• _Data_:
↓↓↓

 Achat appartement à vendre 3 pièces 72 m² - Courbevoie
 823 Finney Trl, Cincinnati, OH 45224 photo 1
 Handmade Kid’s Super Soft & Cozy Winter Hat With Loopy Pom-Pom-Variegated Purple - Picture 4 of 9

↑↑↑
↓↓↓

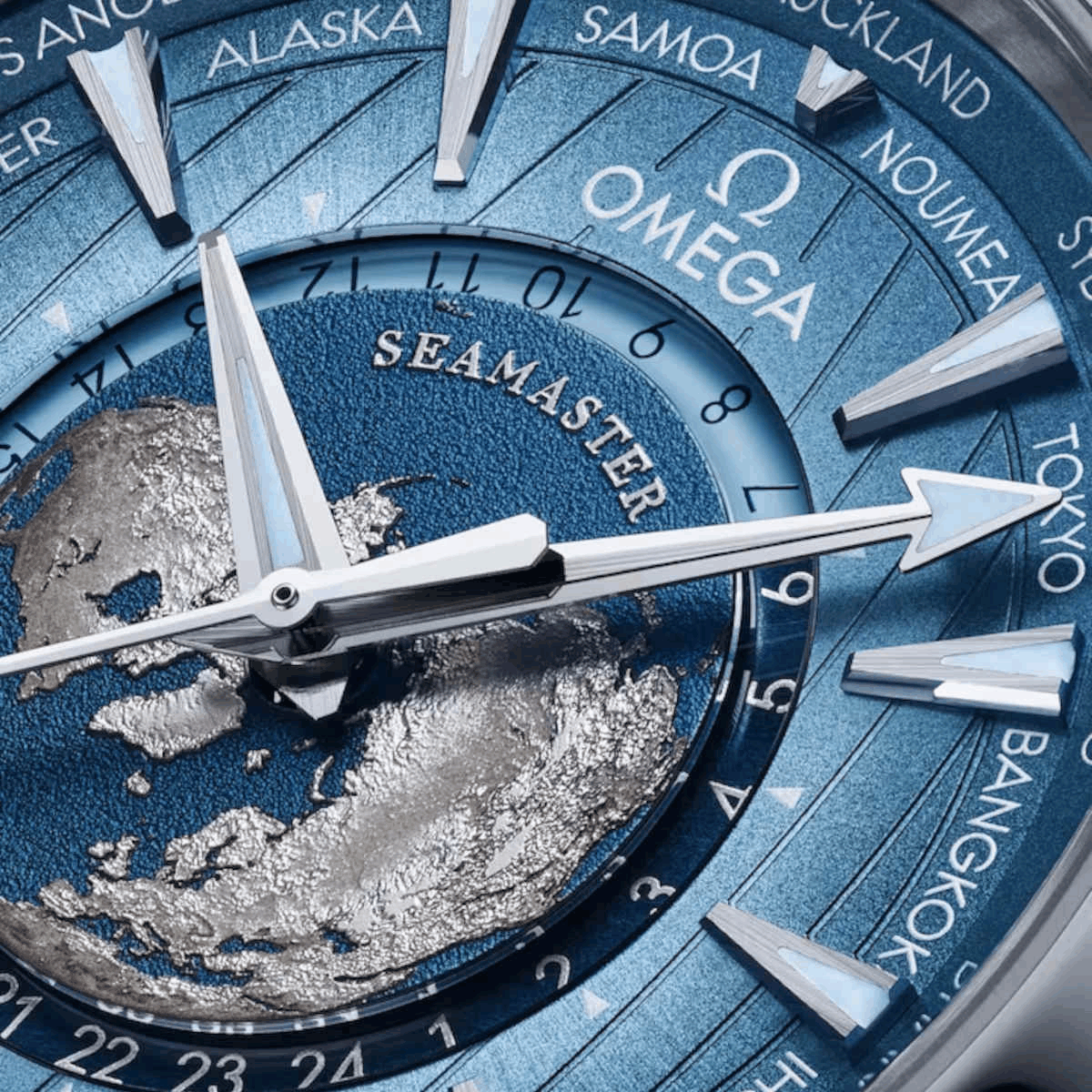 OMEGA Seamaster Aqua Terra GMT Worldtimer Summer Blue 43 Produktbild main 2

↑↑↑
↓↓↓

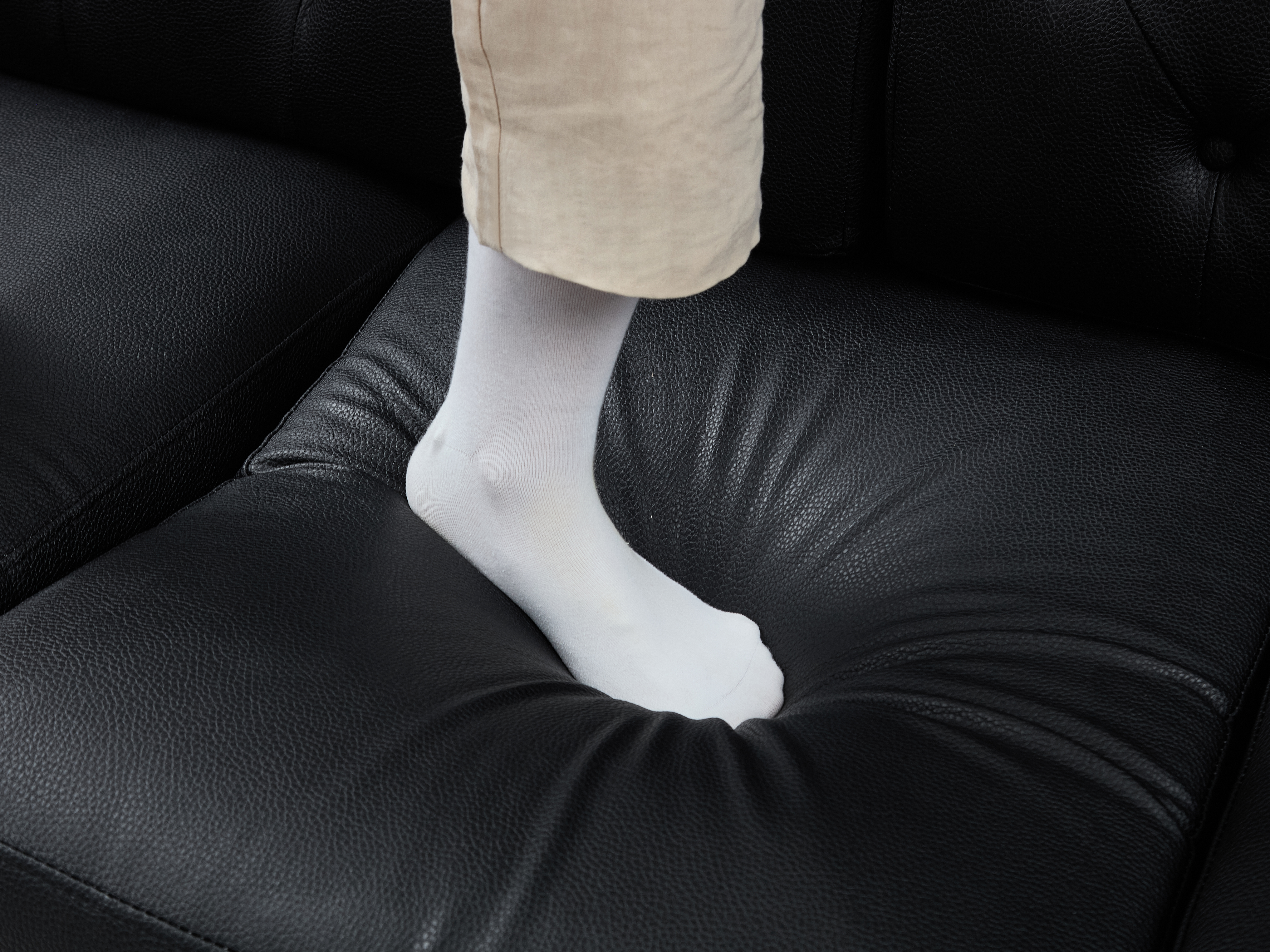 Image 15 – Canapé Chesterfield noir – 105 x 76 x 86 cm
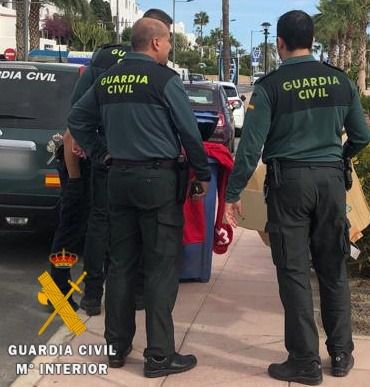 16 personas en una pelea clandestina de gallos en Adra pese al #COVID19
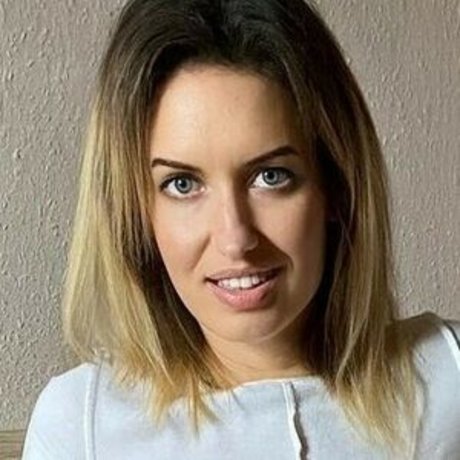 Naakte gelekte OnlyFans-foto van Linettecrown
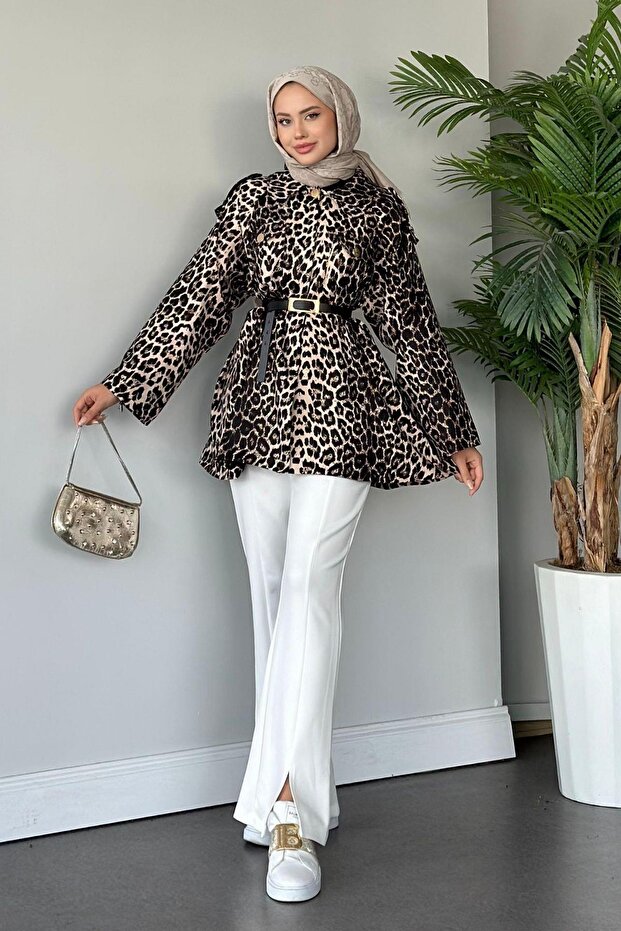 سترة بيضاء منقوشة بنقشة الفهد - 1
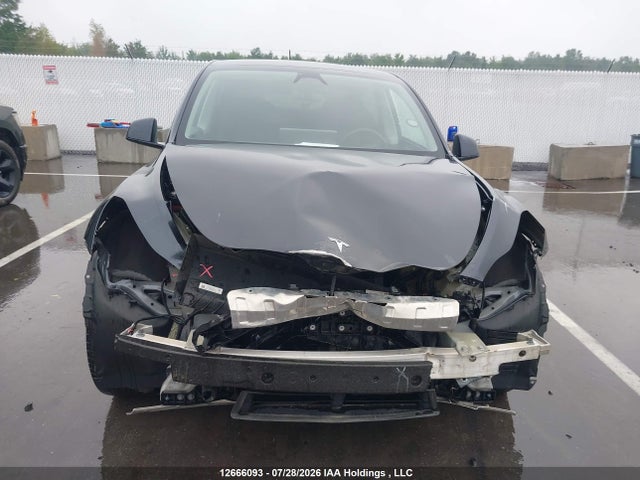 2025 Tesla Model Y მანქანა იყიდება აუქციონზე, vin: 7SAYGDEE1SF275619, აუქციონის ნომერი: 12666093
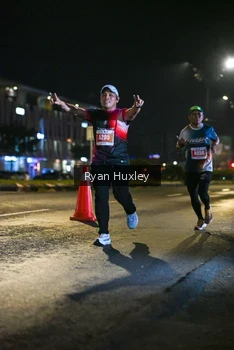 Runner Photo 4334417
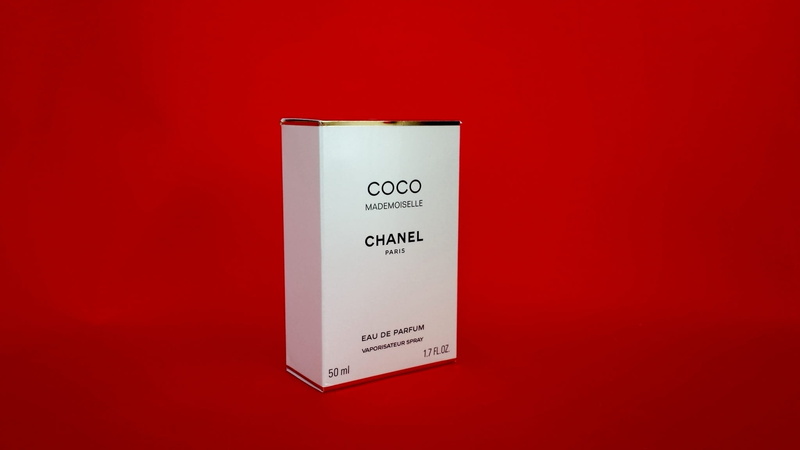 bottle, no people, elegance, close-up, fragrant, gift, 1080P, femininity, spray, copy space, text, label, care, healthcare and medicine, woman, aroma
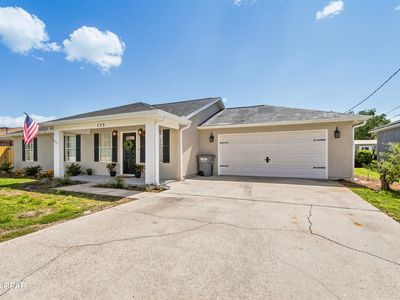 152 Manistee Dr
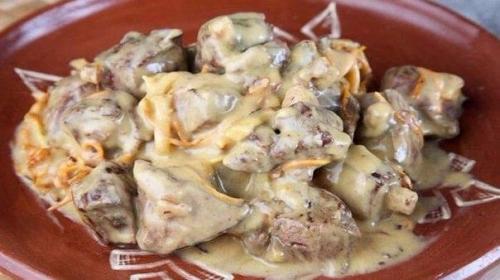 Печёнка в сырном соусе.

↑↑↑

• _What the task asks_:
With the pictures left out, write out exactly the lines above from the one containing "2025 Tesla Model" through the one containing "Печёнка в сырном соусе.".

• _Output of the task_:
 2025 Tesla Model Y მანქანა იყიდება აუქციონზე, vin: 7SAYGDEE1SF275619, აუქციონის ნომერი: 12666093
 Runner Photo 4334417
 bottle, no people, elegance, close-up, fragrant, gift, 1080P, femininity, spray, copy space, text, label, care, healthcare and medicine, woman, aroma
 152 Manistee Dr
 Печёнка в сырном соусе.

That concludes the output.